Andy Diggle: The BICS launch party is a f***ing nightmare. We’ve bailed – where’s everyone else heading?
Adam Cadwell: Back from BICS. Knackered. Had fun meeting new folk, chatting, drawing sharks and drinkin til 4am with Ben McCool. Our MCC table kicked ass.
Andy Diggle (again): Stayed up til 6am drinking with @benmccool. Still DUNK.
Paul Cornell summed up the whole farrago best: Stayed out talking comics: great. But missed @andydiggle in other pub. Next year: official pub sort out please.
(Just some of the folks out on launch party night who didn’t actually stay at the launch party. And I’m not really slandering anyone by saying they’re a touch worse for wear am I? L to R: Stephen Mooney, Jacintha O’Reilly-Mooney, Ben McCool, Declan Shalvey, Michael Wright, William Sliney. Borrowed with thanks from Stephen Tierney’s Facebook album.)
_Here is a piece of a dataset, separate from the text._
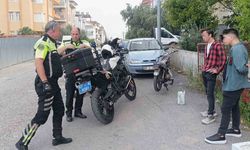Polisi görünce kaçan motosikletliye 19 bin 677 TL para cezası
And you’ll notice a common thread in those tweets – one Mr Ben McCool, with whom I spent many fun years working at Nostalgia & Comics in Birmingham before he took his wonderful ideas and his incredible personality over to New York to seek fame & fortune (and completely unexpectedly, future marital bliss with one Heidi McDonald.) Ben is soon to grace comic shelves all over the world with his new book from Image; Choker, with art from the wonderful Mr Ben Templesmith. Meanwhile, Heidi was following Future Mr Beat’s progress with some interest. McCool later surfaced sometime on Sunday, wearing the look of a man who’d probably had more pints in two nights than minutes of sleep. And he wasn’t the only one. Comic folks sure know how to drink. Personally I left the drinking relatively early, with the idea that I’d actually be able to see on Saturday morning.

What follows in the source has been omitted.